++++ Dataset extract
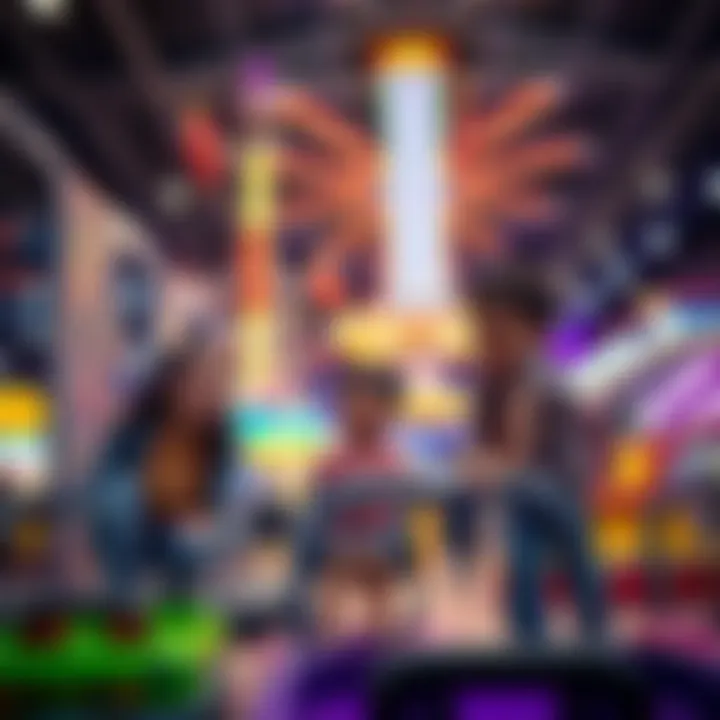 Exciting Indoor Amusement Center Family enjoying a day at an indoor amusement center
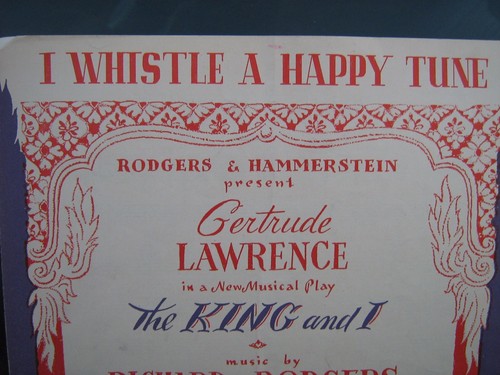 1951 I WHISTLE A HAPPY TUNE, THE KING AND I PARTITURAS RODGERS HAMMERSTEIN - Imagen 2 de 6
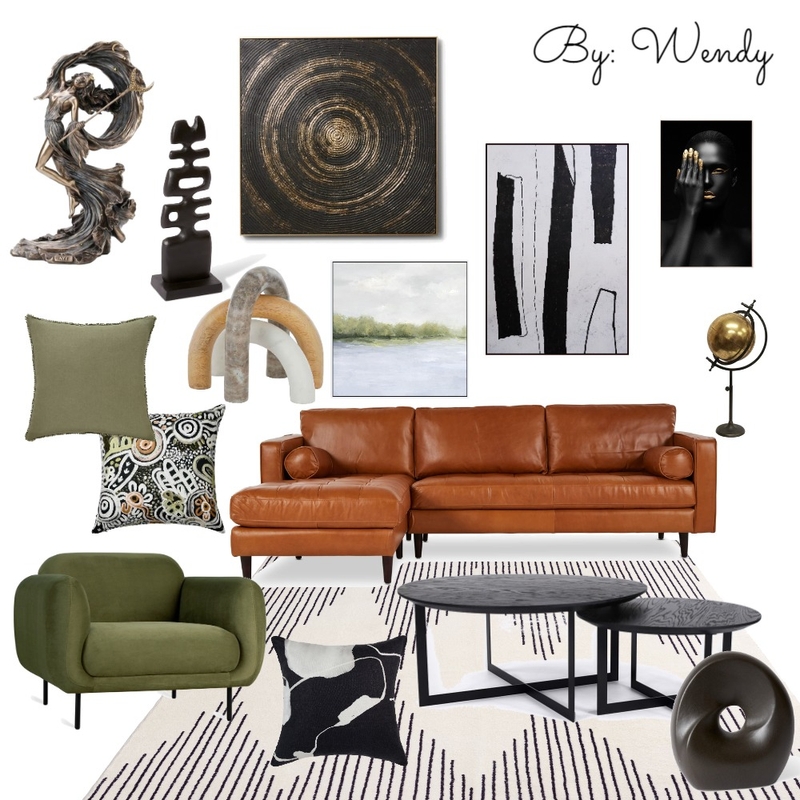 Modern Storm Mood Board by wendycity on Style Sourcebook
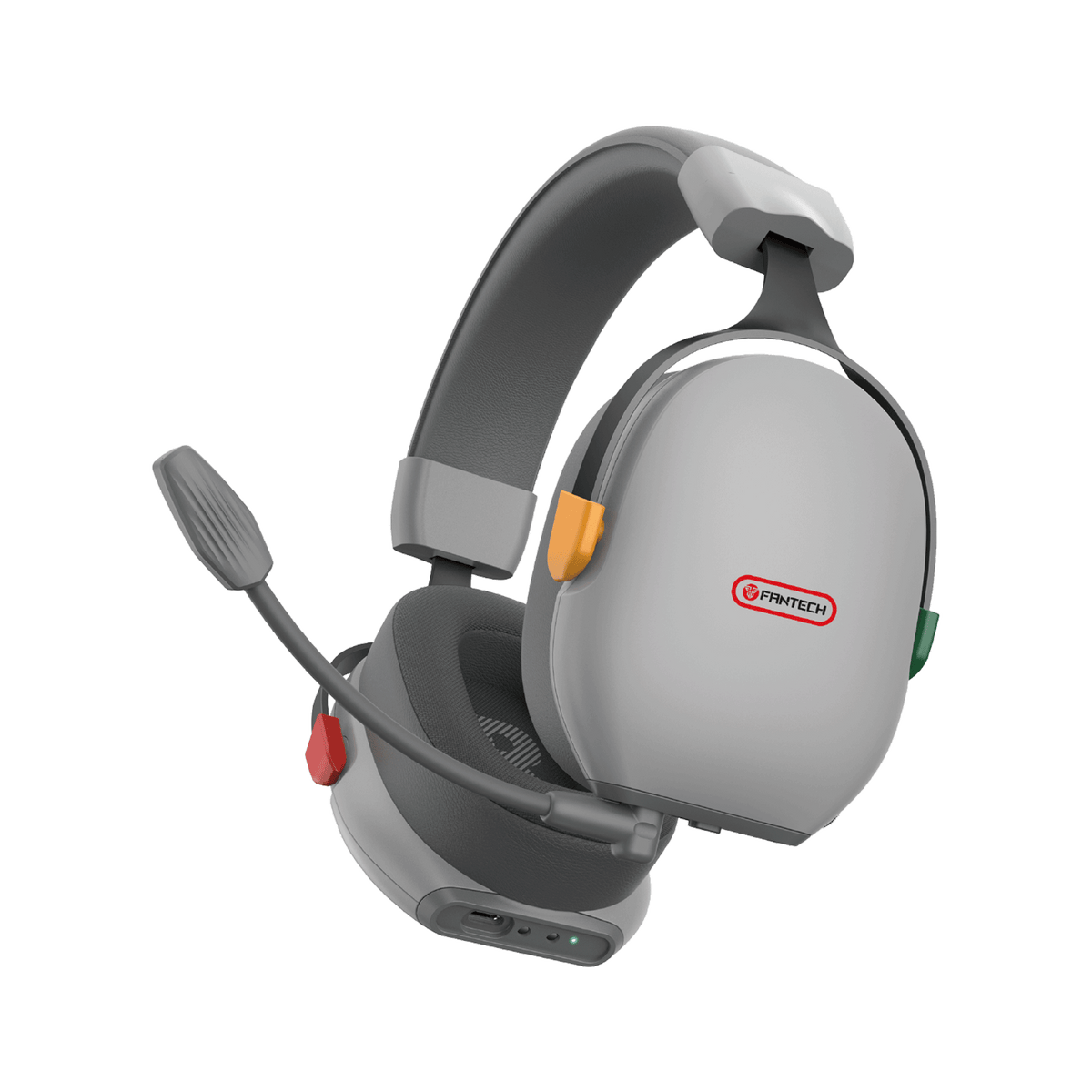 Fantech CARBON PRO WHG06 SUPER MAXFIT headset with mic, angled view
++++++++
-- Instructions to follow --
Without the pictures, reproduce each line from the one containing "Modern Storm Mood" through the last line of the material above, both of those lines included.

-- Task solution --
 Modern Storm Mood Board by wendycity on Style Sourcebook
 Fantech CARBON PRO WHG06 SUPER MAXFIT headset with mic, angled view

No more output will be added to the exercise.